• Goal of the exercise:
Repeat exactly, and only, the lines below starting at the line that contains "Used 2022 Chevrolet Equinox LS SUV" and ending at the line that contains "اتاق کلاسیک چهارنفره, Suao Backpackers", inclusive of both.

• Items listed in a dataset:
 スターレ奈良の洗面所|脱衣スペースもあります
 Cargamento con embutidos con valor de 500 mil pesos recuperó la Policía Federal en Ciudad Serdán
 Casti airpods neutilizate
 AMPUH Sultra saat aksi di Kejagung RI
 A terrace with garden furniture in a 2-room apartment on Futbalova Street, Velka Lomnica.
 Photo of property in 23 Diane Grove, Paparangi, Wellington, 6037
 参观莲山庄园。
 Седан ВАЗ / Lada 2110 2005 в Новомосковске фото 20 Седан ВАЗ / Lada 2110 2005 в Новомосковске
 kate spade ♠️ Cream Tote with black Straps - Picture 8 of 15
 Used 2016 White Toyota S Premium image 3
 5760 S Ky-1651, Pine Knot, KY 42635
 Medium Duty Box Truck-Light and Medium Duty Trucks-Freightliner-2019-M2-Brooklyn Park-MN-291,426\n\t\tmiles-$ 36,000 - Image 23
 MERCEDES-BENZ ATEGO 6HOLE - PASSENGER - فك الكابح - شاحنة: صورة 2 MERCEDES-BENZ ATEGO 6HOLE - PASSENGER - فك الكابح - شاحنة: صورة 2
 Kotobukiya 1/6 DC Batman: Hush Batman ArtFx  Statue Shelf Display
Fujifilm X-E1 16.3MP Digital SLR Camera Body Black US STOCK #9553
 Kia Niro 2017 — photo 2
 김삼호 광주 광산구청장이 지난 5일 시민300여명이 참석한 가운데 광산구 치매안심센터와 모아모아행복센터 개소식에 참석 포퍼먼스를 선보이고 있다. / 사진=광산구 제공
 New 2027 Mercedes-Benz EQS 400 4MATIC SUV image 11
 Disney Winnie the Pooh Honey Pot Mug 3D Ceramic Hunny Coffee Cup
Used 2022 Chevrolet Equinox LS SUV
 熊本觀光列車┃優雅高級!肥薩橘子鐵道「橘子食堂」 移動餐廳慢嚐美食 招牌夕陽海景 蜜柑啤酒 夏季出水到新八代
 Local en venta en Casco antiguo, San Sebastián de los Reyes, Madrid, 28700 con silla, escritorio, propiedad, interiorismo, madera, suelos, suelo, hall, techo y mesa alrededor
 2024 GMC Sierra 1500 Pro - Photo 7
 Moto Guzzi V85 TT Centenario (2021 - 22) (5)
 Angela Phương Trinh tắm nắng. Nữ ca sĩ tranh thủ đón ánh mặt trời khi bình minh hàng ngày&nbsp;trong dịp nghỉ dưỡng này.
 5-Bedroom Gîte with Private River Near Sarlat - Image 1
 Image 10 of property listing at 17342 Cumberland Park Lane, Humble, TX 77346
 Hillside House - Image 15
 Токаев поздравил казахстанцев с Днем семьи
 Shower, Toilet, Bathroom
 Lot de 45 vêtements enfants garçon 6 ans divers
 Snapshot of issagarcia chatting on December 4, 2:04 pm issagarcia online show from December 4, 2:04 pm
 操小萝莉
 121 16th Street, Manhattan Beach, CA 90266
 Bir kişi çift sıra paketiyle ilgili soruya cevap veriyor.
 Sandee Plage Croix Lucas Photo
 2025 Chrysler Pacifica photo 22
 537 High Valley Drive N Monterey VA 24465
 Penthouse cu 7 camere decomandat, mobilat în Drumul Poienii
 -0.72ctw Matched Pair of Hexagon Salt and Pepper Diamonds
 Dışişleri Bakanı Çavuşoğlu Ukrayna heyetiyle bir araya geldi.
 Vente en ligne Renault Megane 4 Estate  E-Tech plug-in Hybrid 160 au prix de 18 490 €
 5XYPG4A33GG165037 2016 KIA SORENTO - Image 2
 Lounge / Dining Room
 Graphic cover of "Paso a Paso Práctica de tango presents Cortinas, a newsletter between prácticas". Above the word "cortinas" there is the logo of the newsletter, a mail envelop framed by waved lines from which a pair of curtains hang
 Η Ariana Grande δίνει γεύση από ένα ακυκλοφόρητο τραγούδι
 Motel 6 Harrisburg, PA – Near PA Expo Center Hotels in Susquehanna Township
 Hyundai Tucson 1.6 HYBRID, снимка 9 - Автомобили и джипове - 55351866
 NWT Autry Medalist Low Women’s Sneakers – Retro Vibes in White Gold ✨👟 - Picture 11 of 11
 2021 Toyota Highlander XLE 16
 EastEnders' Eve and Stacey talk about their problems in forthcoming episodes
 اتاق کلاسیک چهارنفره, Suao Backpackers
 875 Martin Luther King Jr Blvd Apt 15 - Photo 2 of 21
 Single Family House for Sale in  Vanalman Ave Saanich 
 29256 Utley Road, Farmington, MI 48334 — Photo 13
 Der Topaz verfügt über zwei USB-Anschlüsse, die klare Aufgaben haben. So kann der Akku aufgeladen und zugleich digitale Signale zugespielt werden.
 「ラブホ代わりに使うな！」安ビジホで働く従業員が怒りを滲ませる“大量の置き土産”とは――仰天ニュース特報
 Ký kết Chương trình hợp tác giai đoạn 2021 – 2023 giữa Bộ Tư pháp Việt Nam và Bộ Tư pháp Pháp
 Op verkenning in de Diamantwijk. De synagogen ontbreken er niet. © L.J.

• Result below:
Used 2022 Chevrolet Equinox LS SUV
 熊本觀光列車┃優雅高級!肥薩橘子鐵道「橘子食堂」 移動餐廳慢嚐美食 招牌夕陽海景 蜜柑啤酒 夏季出水到新八代
 Local en venta en Casco antiguo, San Sebastián de los Reyes, Madrid, 28700 con silla, escritorio, propiedad, interiorismo, madera, suelos, suelo, hall, techo y mesa alrededor
 2024 GMC Sierra 1500 Pro - Photo 7
 Moto Guzzi V85 TT Centenario (2021 - 22) (5)
 Angela Phương Trinh tắm nắng. Nữ ca sĩ tranh thủ đón ánh mặt trời khi bình minh hàng ngày&nbsp;trong dịp nghỉ dưỡng này.
 5-Bedroom Gîte with Private River Near Sarlat - Image 1
 Image 10 of property listing at 17342 Cumberland Park Lane, Humble, TX 77346
 Hillside House - Image 15
 Токаев поздравил казахстанцев с Днем семьи
 Shower, Toilet, Bathroom
 Lot de 45 vêtements enfants garçon 6 ans divers
 Snapshot of issagarcia chatting on December 4, 2:04 pm issagarcia online show from December 4, 2:04 pm
 操小萝莉
 121 16th Street, Manhattan Beach, CA 90266
 Bir kişi çift sıra paketiyle ilgili soruya cevap veriyor.
 Sandee Plage Croix Lucas Photo
 2025 Chrysler Pacifica photo 22
 537 High Valley Drive N Monterey VA 24465
 Penthouse cu 7 camere decomandat, mobilat în Drumul Poienii
 -0.72ctw Matched Pair of Hexagon Salt and Pepper Diamonds
 Dışişleri Bakanı Çavuşoğlu Ukrayna heyetiyle bir araya geldi.
 Vente en ligne Renault Megane 4 Estate  E-Tech plug-in Hybrid 160 au prix de 18 490 €
 5XYPG4A33GG165037 2016 KIA SORENTO - Image 2
 Lounge / Dining Room
 Graphic cover of "Paso a Paso Práctica de tango presents Cortinas, a newsletter between prácticas". Above the word "cortinas" there is the logo of the newsletter, a mail envelop framed by waved lines from which a pair of curtains hang
 Η Ariana Grande δίνει γεύση από ένα ακυκλοφόρητο τραγούδι
 Motel 6 Harrisburg, PA – Near PA Expo Center Hotels in Susquehanna Township
 Hyundai Tucson 1.6 HYBRID, снимка 9 - Автомобили и джипове - 55351866
 NWT Autry Medalist Low Women’s Sneakers – Retro Vibes in White Gold ✨👟 - Picture 11 of 11
 2021 Toyota Highlander XLE 16
 EastEnders' Eve and Stacey talk about their problems in forthcoming episodes
 اتاق کلاسیک چهارنفره, Suao Backpackers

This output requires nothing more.